» Work required: Reproduce exactly the run of lines that begins with the one containing "Louer appartement 1" and ends with the last line of the records, omitting pictures.

[Short web captions]

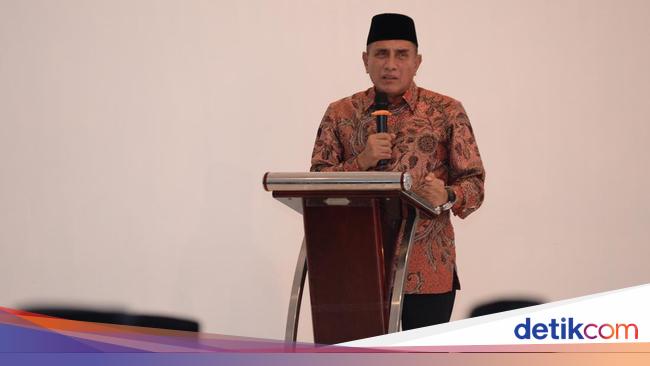 Golkar Pastikan Tak Usung Edy Rahmayadi di Pilgub Sumut 2024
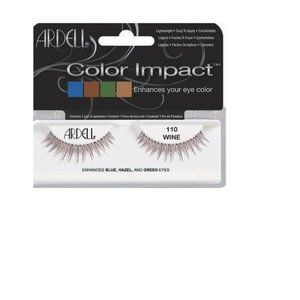 ARDELL PROFESSIONAL COLOR IMPACT 110 WINE LASHES
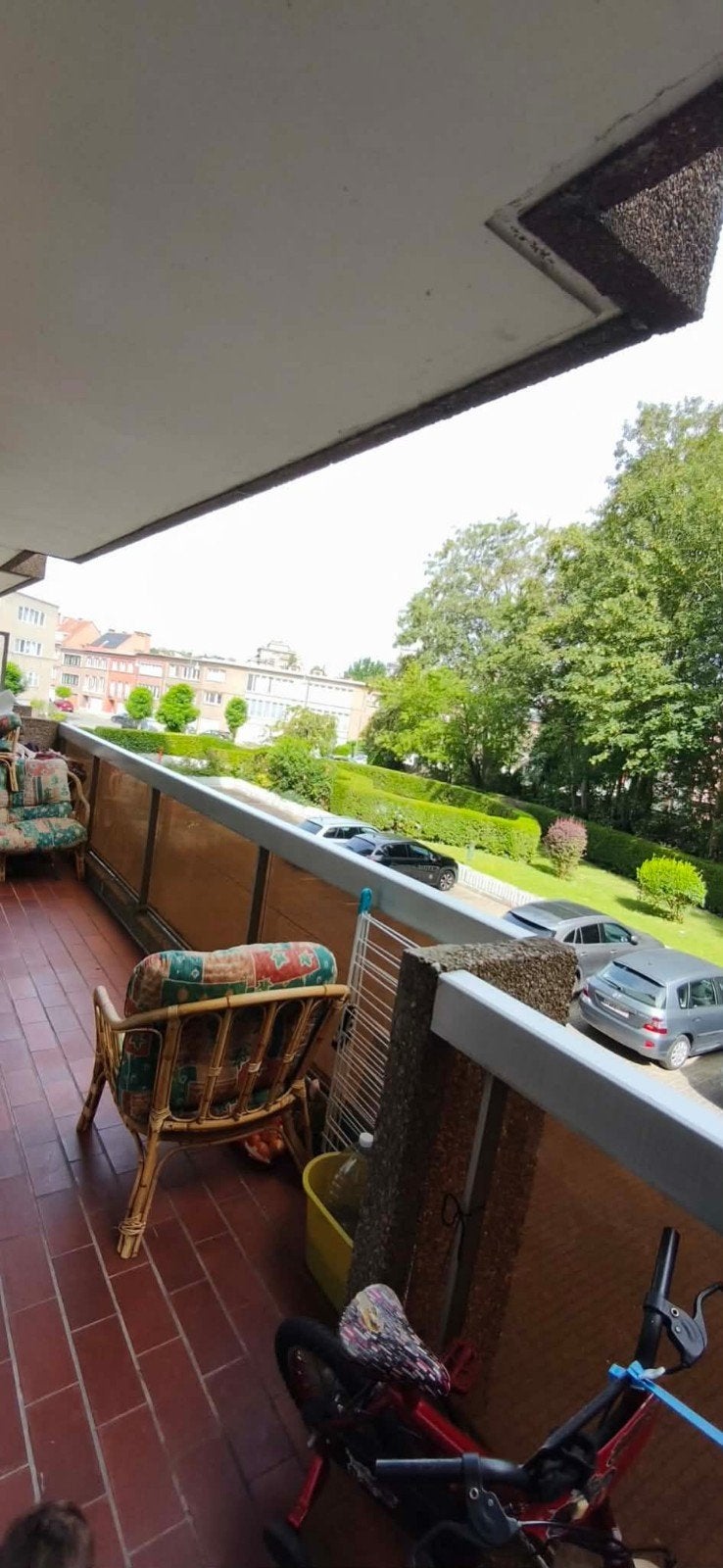 Louer appartement 1 chambre 40m2, terrasse 7m2. Libre 0109, 35 à 50 m², Bruxelles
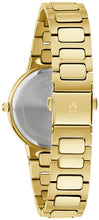 Bulova 97L171 Gold Tone Stainless Steel Quartz Ladies
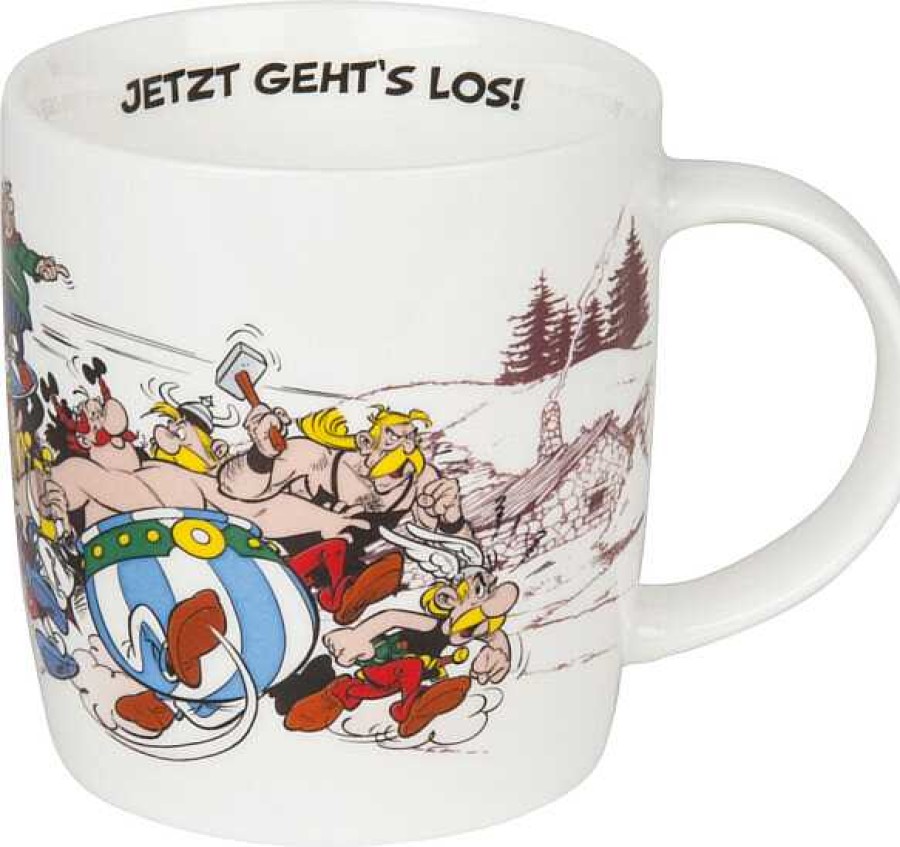 KONITZ Mug Asterix - Jetzt Geht'S Los Asterix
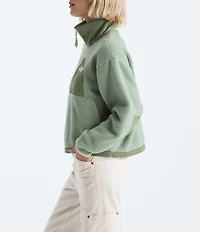 The North Face Yumiori Off Peak Double Layer Stand Collar Half Zip Pullover Jacket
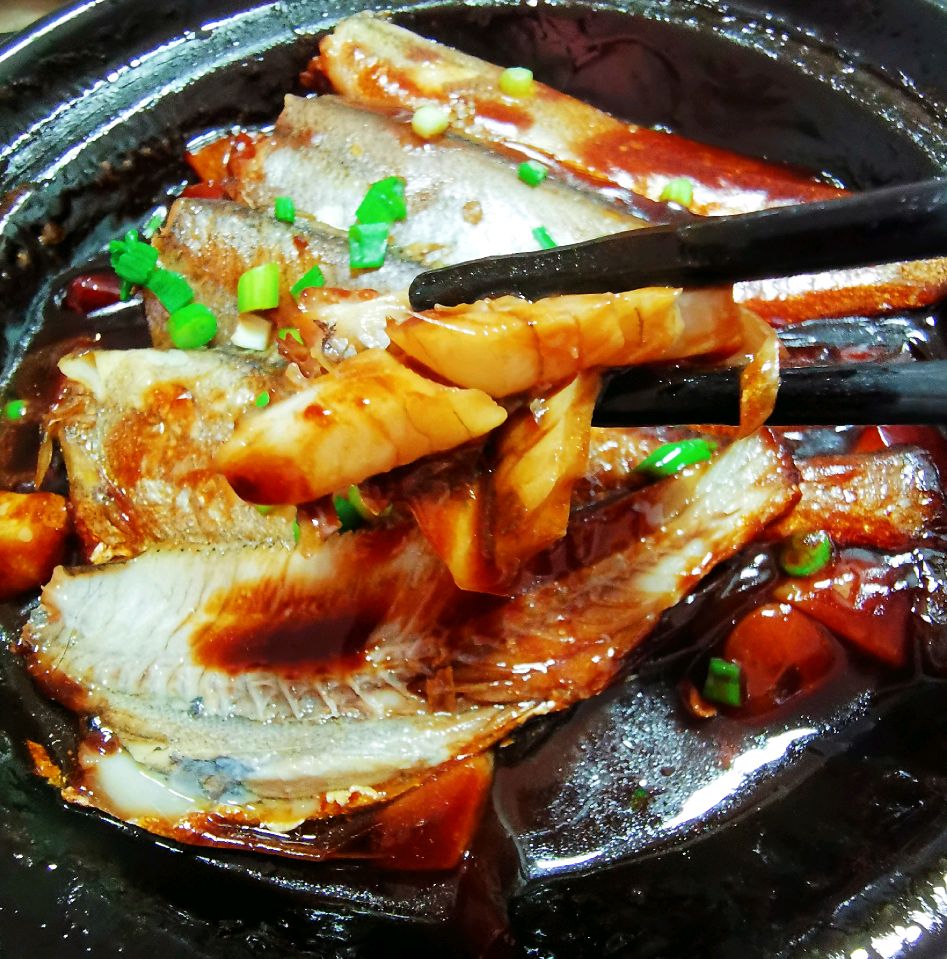 生啫小黄鱼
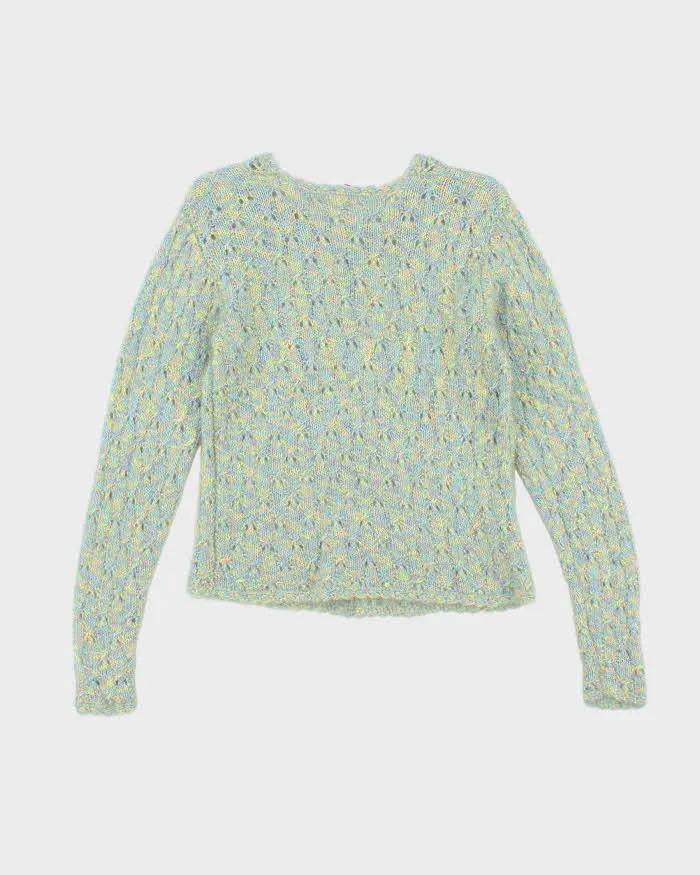 Vintage Handmade Multicoloured Knit Jumper - S sold by Rokit product image thumbnail 2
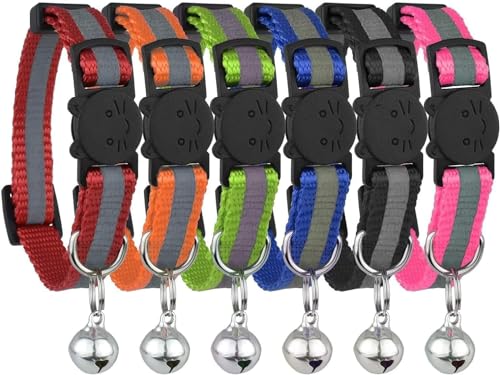 Bemix Pets Reflective Cat Collar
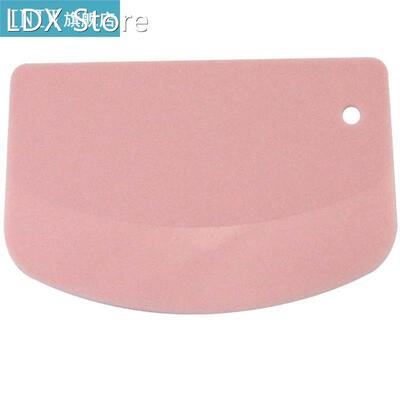1pc Dough Scraper Plastic Non-Slip Ergonomic Dough C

» Solution for this problem:
 Louer appartement 1 chambre 40m2, terrasse 7m2. Libre 0109, 35 à 50 m², Bruxelles
 Bulova 97L171 Gold Tone Stainless Steel Quartz Ladies
 KONITZ Mug Asterix - Jetzt Geht'S Los Asterix
 The North Face Yumiori Off Peak Double Layer Stand Collar Half Zip Pullover Jacket
 生啫小黄鱼
 Vintage Handmade Multicoloured Knit Jumper - S sold by Rokit product image thumbnail 2
 Bemix Pets Reflective Cat Collar
1pc Dough Scraper Plastic Non-Slip Ergonomic Dough C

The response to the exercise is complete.